Le malheur du temps vient peut-être du fait que ce supposé savoir économique n’en est pas toujours un. C’est ce que nous suggère Thierry Pauchant, professeur à HEC Montréal, dans un récent ouvrage malicieusement intitulé Adam Smith, l’antidote ultime au capitalisme.

Pour les tenants des « lois de l’économie », Adam Smith est un père fondateur qui a établi le moteur de l’économie capitaliste dans l’homme calculateur, cherchant d’abord son profit plutôt que le bien commun. Grâce à une mystérieuse « main invisible », l’utilité collective serait maximisée non seulement malgré mais même grâce à la poursuite aveugle et individualiste des intérêts privés. Ainsi même quand l’égoïsme sévit, la prospérité est assurée.

Or Thierry Pauchant, à la suite d’autres économistes, montre de manière convaincante qu’Adam Smith n’a jamais écrit cela. Héritier d’une tradition libérale humaniste, il a défendu le contraire dans ses deux livres majeurs et complémentaires, La Théorie des sentiments moraux (1759) et La Prospérité des Nations (1776). Pour lui, l’économie doit poursuivre un objectif moral visant à permettre aux humains d’acquérir le maximum de capacités de développement personnel dans le respect de la vie collective fondée sur une commune sympathie. Ainsi a-t-il aussi bien critiqué une division du travail abrutissante, que le commerce enclin à instaurer des monopoles ou les actionnaires à demander des profits abusifs.

Rôle des faux savoirs en économie

La vulgate élémentaire à laquelle il a été peu à peu réduit exprime finalement l’exact contraire de ce qu’il a défendu. Une telle réinterprétation a, bien sûr, une fonction : elle permet de recouvrir du prestige d’un « grand économiste » les comportements des égoïstes et des prédateurs, qu’il avait en réalité dénoncés. Le retournement est rendu possible par la crédulité publique : qui lit encore Adam Smith sinon quelques spécialistes ?
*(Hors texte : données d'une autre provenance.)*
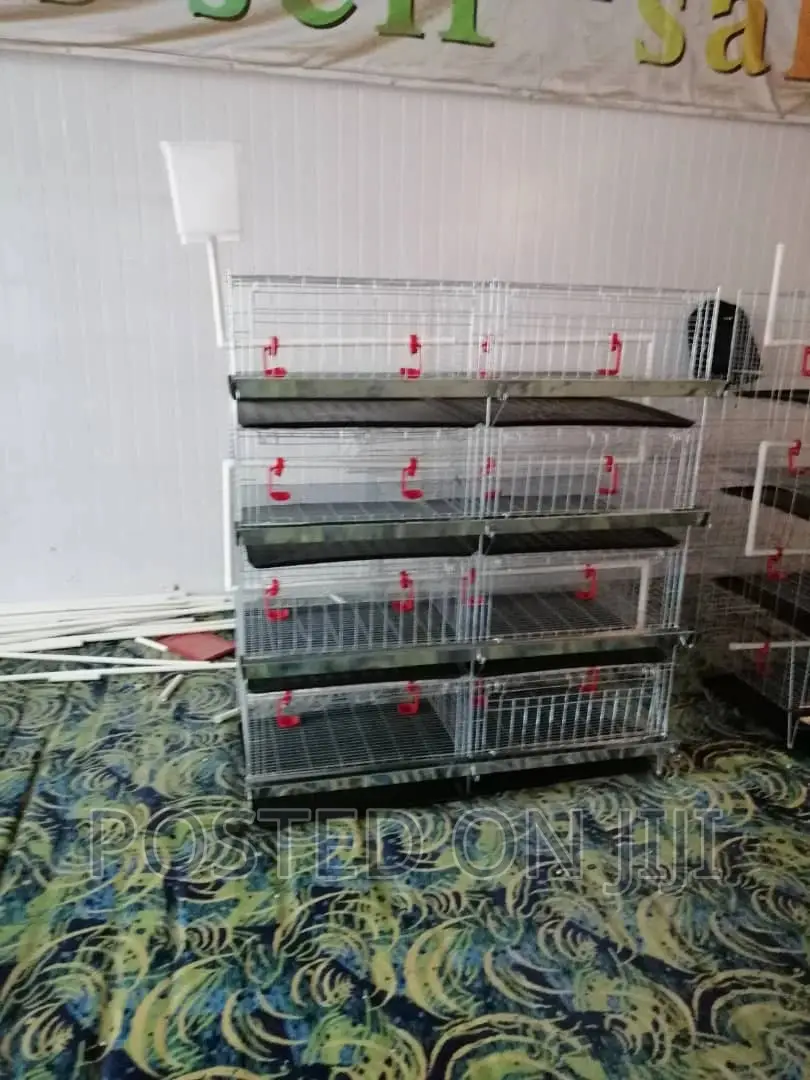 Plastic Waste Tray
L’ exemple invite à réfléchir car on pourrait généraliser le phénomène : les supposées « lois de l’économie » invoquées pour justifier des pratiques, ne sont souvent que des formules sans fondement sérieux mais qui permettent de s’exempter de réflexion éthique en invoquant la haute autorité de quelque grand penseur.

Ainsi en est-il de la « destruction-créatrice » qui assurerait à tous coups les bienfaits de l’innovation et que Joseph Schumpeter aurait démontré, ce que ni lui, ni personne n’a, en réalité, jamais fait. Ou bien, de la « loi de Moore », sur le doublement des capacités technologiques en un temps donné, qui est au principe de l’optimisme technophile, bien qu’il ne s’agisse que d’une observation empirique approximative établie sur une durée courte. A y regarder de près, même la basique « loi de l’offre et de la demande » apparaît comme une simple tautologie destinée à consacrer le bien-fondé de tout échange sur un marché.
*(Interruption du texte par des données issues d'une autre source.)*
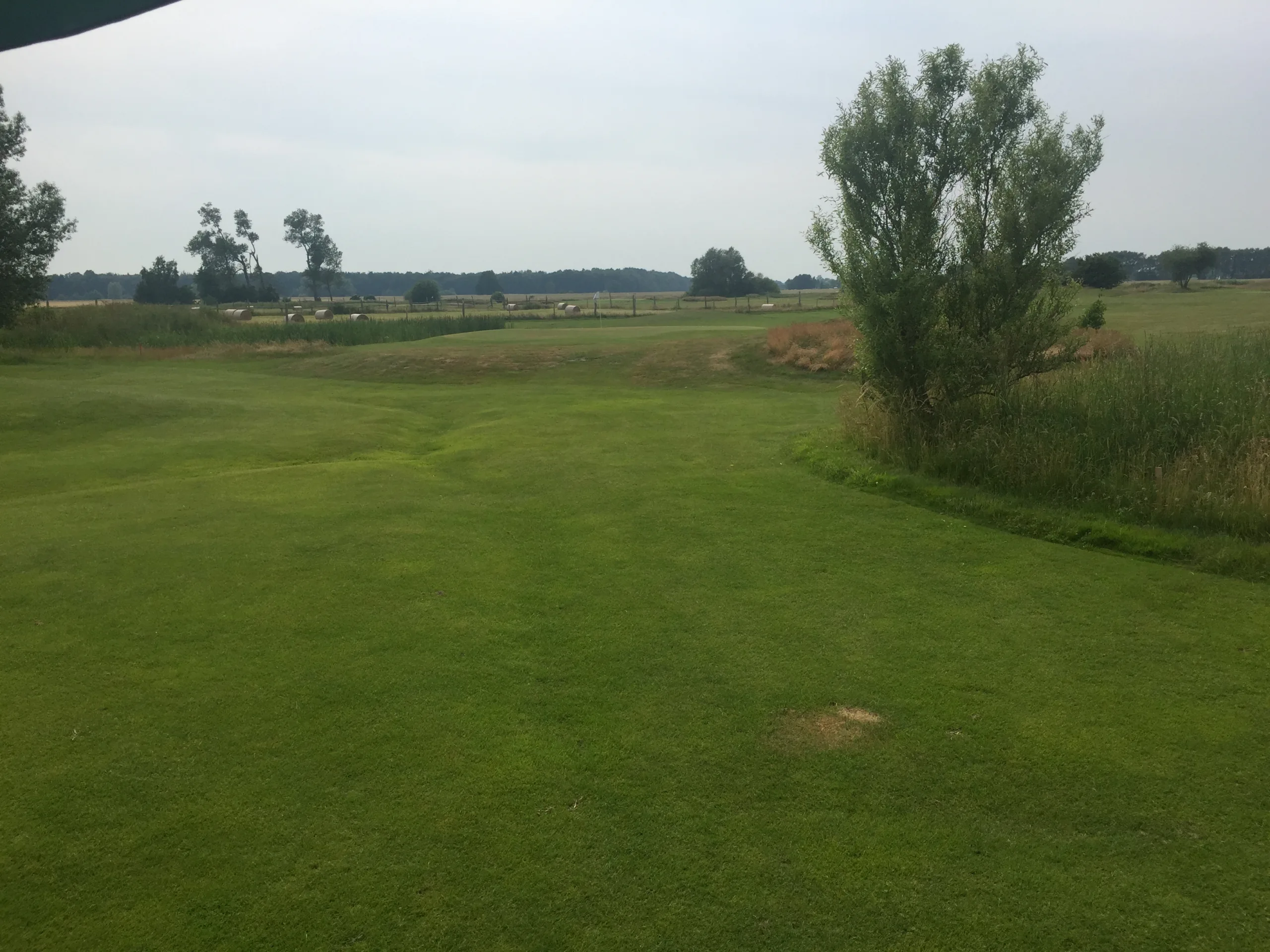 Golfclub Zum Fischland e.V. – Public Golf Courses in Mecklenburg Vorpommern, Germany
On peut ainsi multiplier les savoirs certains qui ne sont que des fictions ignorantes. Maniées comme des lois imparables, elles prétendent à tort justifier un « réalisme économique ». Or le réalisme bien ordonné commence par la critique des lieux communs et des idées trop évidentes. La pensée managériale, qui porte sur la décision et l’action, ne peut pas s’exempter d’une telle exigence.